*** MATERIAL PROVIDED Section Begins ***
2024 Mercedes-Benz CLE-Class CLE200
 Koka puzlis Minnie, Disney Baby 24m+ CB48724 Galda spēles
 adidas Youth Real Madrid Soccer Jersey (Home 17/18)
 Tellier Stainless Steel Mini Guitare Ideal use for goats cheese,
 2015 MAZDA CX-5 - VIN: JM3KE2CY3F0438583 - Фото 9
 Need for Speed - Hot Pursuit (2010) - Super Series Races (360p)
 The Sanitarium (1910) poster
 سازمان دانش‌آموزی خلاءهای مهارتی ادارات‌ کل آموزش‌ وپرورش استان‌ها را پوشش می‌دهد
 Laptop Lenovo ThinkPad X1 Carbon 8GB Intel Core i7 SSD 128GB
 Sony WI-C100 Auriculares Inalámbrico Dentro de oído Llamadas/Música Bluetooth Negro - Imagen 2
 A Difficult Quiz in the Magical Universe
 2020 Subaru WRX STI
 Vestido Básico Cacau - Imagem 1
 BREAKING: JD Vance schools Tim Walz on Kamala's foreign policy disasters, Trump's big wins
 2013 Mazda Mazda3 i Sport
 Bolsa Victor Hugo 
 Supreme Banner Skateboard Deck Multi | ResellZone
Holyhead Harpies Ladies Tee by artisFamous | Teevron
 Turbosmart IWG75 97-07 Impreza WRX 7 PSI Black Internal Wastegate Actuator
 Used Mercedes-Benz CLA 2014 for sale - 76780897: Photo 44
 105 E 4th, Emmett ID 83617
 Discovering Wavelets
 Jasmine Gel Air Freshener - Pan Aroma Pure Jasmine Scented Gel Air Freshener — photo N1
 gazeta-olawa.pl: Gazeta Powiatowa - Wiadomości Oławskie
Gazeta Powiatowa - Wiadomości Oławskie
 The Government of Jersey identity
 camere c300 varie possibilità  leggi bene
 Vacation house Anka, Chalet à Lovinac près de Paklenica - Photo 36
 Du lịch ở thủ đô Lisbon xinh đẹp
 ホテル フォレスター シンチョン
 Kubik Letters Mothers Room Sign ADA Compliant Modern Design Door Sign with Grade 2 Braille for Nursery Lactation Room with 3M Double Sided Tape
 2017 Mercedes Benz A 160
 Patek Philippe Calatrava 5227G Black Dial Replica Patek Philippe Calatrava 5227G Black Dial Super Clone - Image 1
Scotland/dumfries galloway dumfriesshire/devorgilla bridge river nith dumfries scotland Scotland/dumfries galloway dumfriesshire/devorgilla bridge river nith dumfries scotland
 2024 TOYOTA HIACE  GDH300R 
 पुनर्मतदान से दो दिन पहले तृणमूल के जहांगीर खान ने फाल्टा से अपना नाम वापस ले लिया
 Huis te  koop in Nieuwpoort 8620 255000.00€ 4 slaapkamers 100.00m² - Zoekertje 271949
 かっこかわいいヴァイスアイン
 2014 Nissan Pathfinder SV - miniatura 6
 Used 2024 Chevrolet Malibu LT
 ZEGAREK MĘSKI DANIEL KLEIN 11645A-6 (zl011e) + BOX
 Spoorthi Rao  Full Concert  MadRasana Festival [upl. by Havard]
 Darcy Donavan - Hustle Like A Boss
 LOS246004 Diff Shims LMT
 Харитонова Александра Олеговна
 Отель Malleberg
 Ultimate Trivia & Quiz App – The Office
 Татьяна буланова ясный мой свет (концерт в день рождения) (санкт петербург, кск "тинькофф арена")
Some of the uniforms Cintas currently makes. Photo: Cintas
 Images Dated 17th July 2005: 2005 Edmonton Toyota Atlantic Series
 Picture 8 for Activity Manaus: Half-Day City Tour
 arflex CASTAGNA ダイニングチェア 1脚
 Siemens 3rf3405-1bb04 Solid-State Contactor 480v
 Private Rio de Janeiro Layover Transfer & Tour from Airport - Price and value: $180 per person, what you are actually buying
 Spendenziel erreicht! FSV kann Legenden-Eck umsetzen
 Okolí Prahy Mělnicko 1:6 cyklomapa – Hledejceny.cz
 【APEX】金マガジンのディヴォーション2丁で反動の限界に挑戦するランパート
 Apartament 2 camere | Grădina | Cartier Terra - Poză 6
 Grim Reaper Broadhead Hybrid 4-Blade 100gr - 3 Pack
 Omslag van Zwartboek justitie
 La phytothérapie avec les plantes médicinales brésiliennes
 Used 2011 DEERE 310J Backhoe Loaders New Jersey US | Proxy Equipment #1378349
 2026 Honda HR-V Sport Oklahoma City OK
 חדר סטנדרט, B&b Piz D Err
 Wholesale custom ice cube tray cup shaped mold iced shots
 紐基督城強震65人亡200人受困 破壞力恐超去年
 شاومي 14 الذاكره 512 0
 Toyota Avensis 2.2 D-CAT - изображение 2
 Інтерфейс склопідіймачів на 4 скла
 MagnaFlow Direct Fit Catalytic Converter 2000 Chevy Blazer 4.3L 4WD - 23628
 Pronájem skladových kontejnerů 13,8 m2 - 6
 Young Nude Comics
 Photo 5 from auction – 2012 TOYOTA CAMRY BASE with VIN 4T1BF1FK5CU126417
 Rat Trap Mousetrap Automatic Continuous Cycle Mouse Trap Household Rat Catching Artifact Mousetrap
*** MATERIAL PROVIDED Section Ends ***
WHAT THE EXERCISE ASKS | Give back, exactly as written, the stretch from the line with "Discovering Wavelets" through the line with "Private Rio de", and no other lines from the records above.

SOLUTION TO THIS EXERCISE |
 Discovering Wavelets
 Jasmine Gel Air Freshener - Pan Aroma Pure Jasmine Scented Gel Air Freshener — photo N1
 gazeta-olawa.pl: Gazeta Powiatowa - Wiadomości Oławskie
Gazeta Powiatowa - Wiadomości Oławskie
 The Government of Jersey identity
 camere c300 varie possibilità  leggi bene
 Vacation house Anka, Chalet à Lovinac près de Paklenica - Photo 36
 Du lịch ở thủ đô Lisbon xinh đẹp
 ホテル フォレスター シンチョン
 Kubik Letters Mothers Room Sign ADA Compliant Modern Design Door Sign with Grade 2 Braille for Nursery Lactation Room with 3M Double Sided Tape
 2017 Mercedes Benz A 160
 Patek Philippe Calatrava 5227G Black Dial Replica Patek Philippe Calatrava 5227G Black Dial Super Clone - Image 1
Scotland/dumfries galloway dumfriesshire/devorgilla bridge river nith dumfries scotland Scotland/dumfries galloway dumfriesshire/devorgilla bridge river nith dumfries scotland
 2024 TOYOTA HIACE  GDH300R 
 पुनर्मतदान से दो दिन पहले तृणमूल के जहांगीर खान ने फाल्टा से अपना नाम वापस ले लिया
 Huis te  koop in Nieuwpoort 8620 255000.00€ 4 slaapkamers 100.00m² - Zoekertje 271949
 かっこかわいいヴァイスアイン
 2014 Nissan Pathfinder SV - miniatura 6
 Used 2024 Chevrolet Malibu LT
 ZEGAREK MĘSKI DANIEL KLEIN 11645A-6 (zl011e) + BOX
 Spoorthi Rao  Full Concert  MadRasana Festival [upl. by Havard]
 Darcy Donavan - Hustle Like A Boss
 LOS246004 Diff Shims LMT
 Харитонова Александра Олеговна
 Отель Malleberg
 Ultimate Trivia & Quiz App – The Office
 Татьяна буланова ясный мой свет (концерт в день рождения) (санкт петербург, кск "тинькофф арена")
Some of the uniforms Cintas currently makes. Photo: Cintas
 Images Dated 17th July 2005: 2005 Edmonton Toyota Atlantic Series
 Picture 8 for Activity Manaus: Half-Day City Tour
 arflex CASTAGNA ダイニングチェア 1脚
 Siemens 3rf3405-1bb04 Solid-State Contactor 480v
 Private Rio de Janeiro Layover Transfer & Tour from Airport - Price and value: $180 per person, what you are actually buying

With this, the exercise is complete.